» Aim of the exercise:
Pull out every line from the line containing "Prodotti di tendenza" through the end of the material, both ends included, and reproduce it exactly. Keep pictures out.

» Source data:
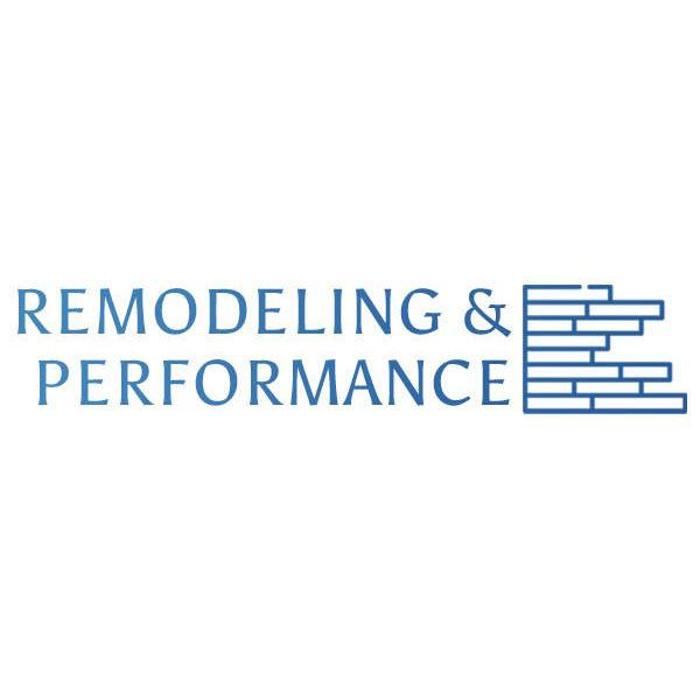 Remodeling & Performance - West Warwick, RI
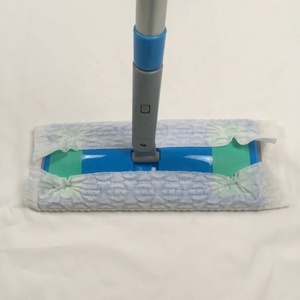 Prodotti di tendenza nuovi arrivi ogni giorno prodotti per la pulizia della casa all'interno con mop per la pulizia del pavimento magico da pavimento o salviettine umidificate - Product Image 6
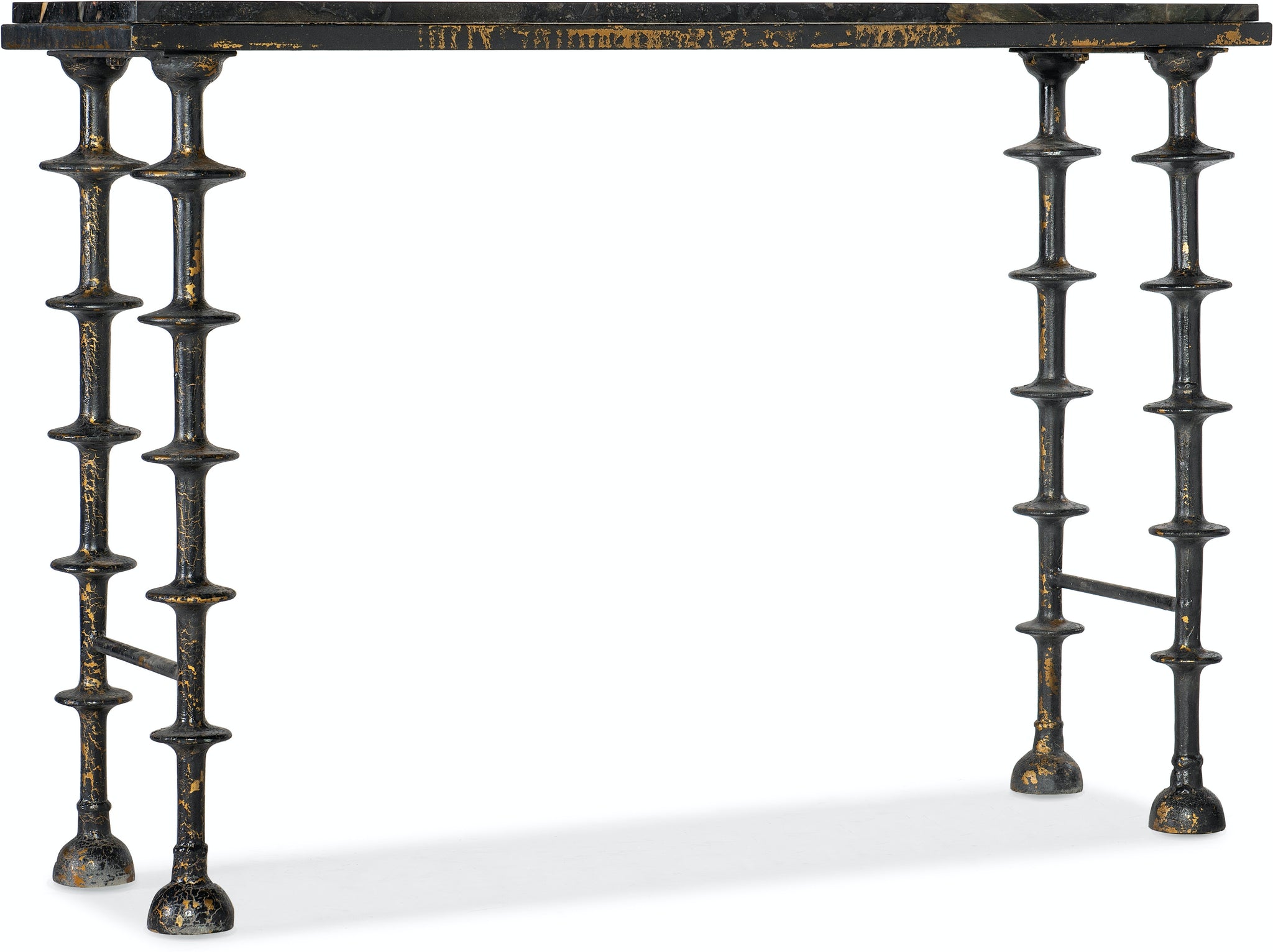 Mesa Console Table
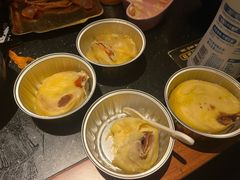 -牛New寿喜烧(金茂览秀城店)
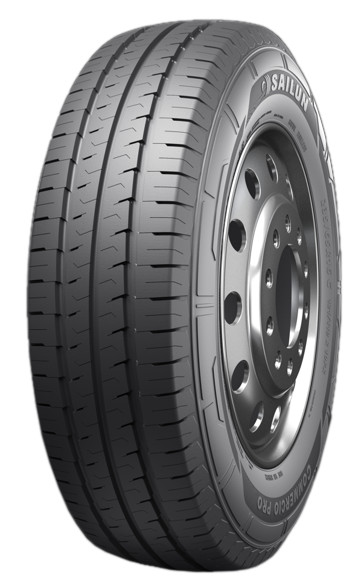 SAILUN COMMERCIO PRO 195/65R16C 104/102T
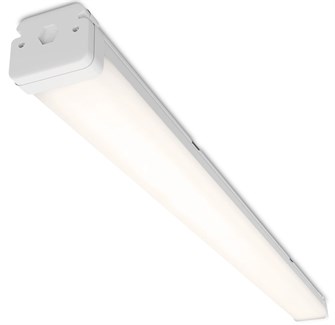 {{photo.Alt || photo.Description || 'Светильник светодиодный WOLTA ДСП15-54-001-4К'}}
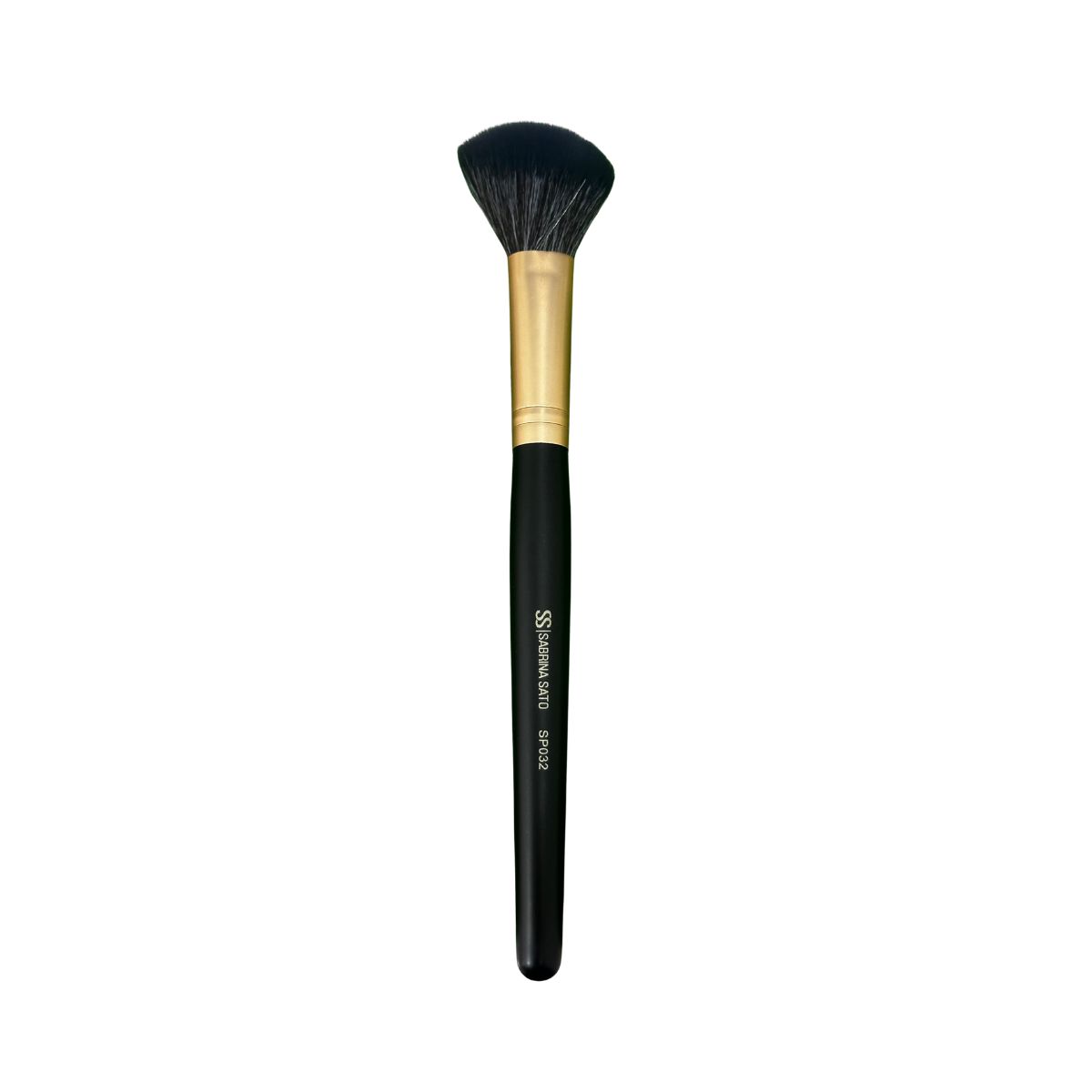 PINCEL SABRINA SATO BLUSH SP032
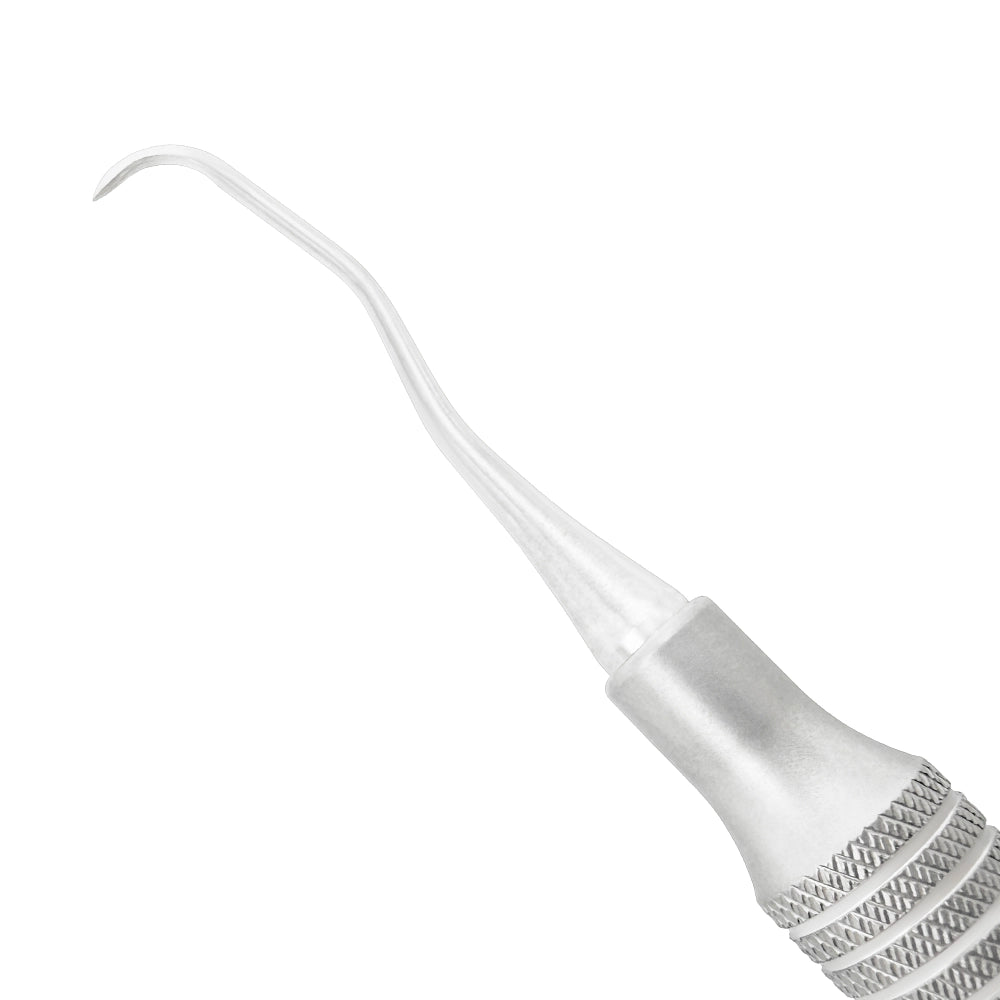 Curette universelle Bunting 1/2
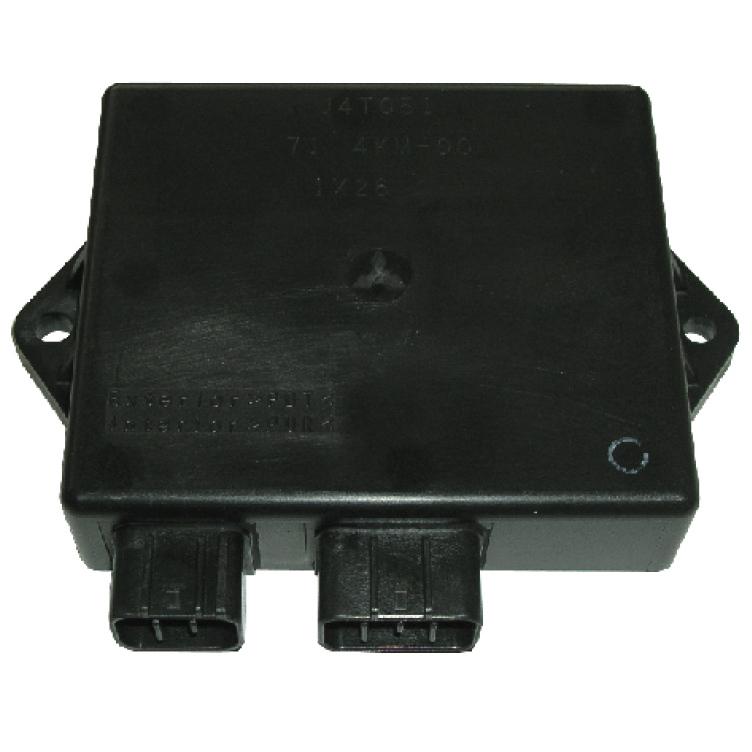 product/s/g/sgr_161504_noir_1.jpg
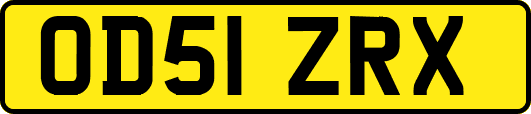 OD51ZRX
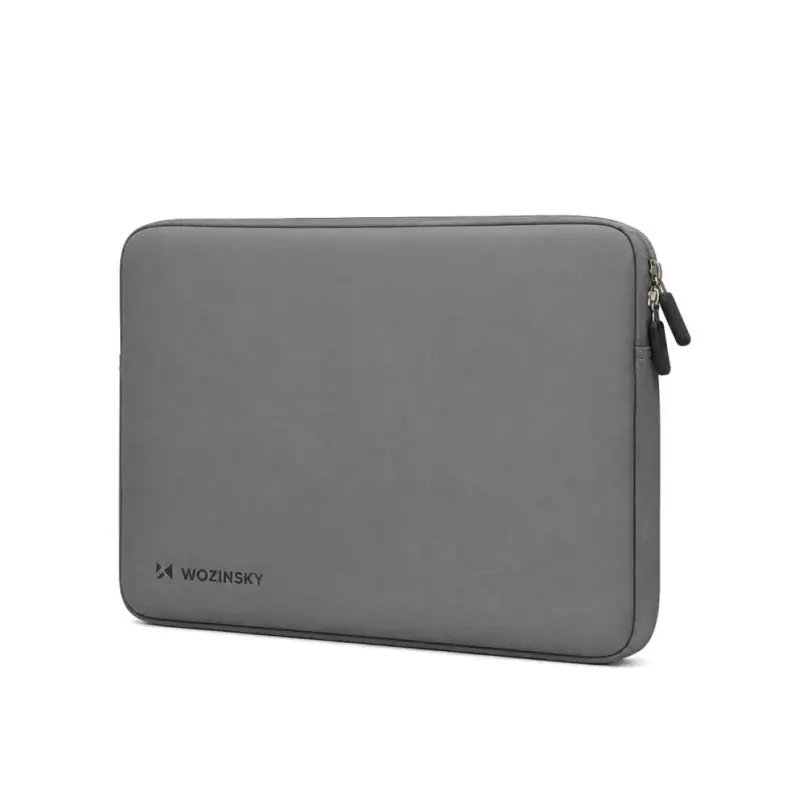 Wozinsky Wozinsky WNL-13G 13-14" Neoprene Laptop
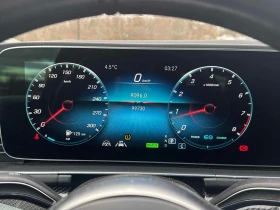 Mercedes-Benz GLE 63 S AMG 2022 4MATIC * БЕЗ ПЪРВОНАЧАЛНА ВНОСКА* - 148890 лв. / 76126.25 € - 25664244 8 | Car24.bg Mercedes-Benz GLE 63 S AMG 2022 4MATIC * БЕЗ ПЪРВОНАЧАЛНА ВНОСКА* - 148890 лв. / 76126.25 € - 25664244 8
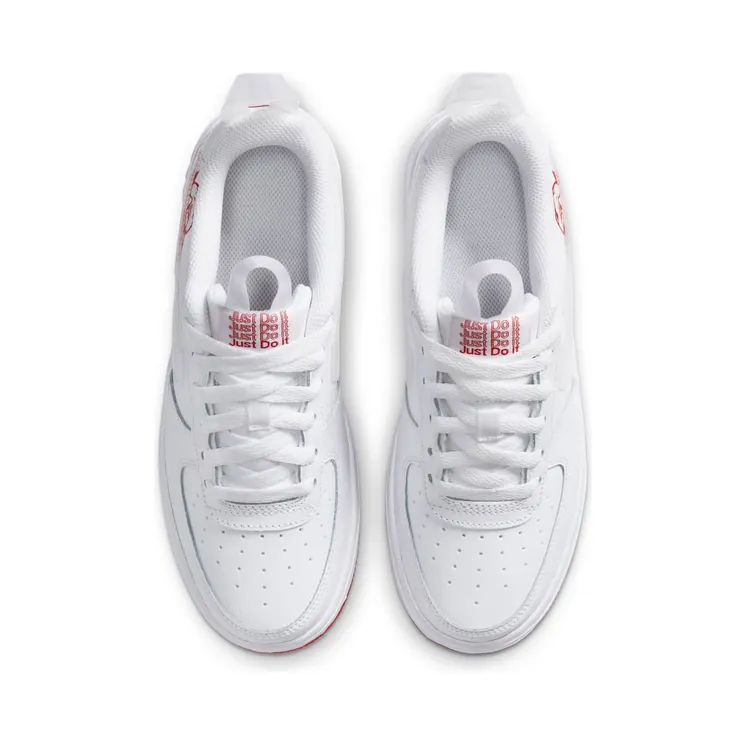 nike-air-force CN8534-100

» Problem solution:
 Prodotti di tendenza nuovi arrivi ogni giorno prodotti per la pulizia della casa all'interno con mop per la pulizia del pavimento magico da pavimento o salviettine umidificate - Product Image 6
 Mesa Console Table
 -牛New寿喜烧(金茂览秀城店)
 SAILUN COMMERCIO PRO 195/65R16C 104/102T
 {{photo.Alt || photo.Description || 'Светильник светодиодный WOLTA ДСП15-54-001-4К'}}
 PINCEL SABRINA SATO BLUSH SP032
 Curette universelle Bunting 1/2
 product/s/g/sgr_161504_noir_1.jpg
 OD51ZRX
 Wozinsky Wozinsky WNL-13G 13-14" Neoprene Laptop
 Mercedes-Benz GLE 63 S AMG 2022 4MATIC * БЕЗ ПЪРВОНАЧАЛНА ВНОСКА* - 148890 лв. / 76126.25 € - 25664244 8 | Car24.bg Mercedes-Benz GLE 63 S AMG 2022 4MATIC * БЕЗ ПЪРВОНАЧАЛНА ВНОСКА* - 148890 лв. / 76126.25 € - 25664244 8
 nike-air-force CN8534-100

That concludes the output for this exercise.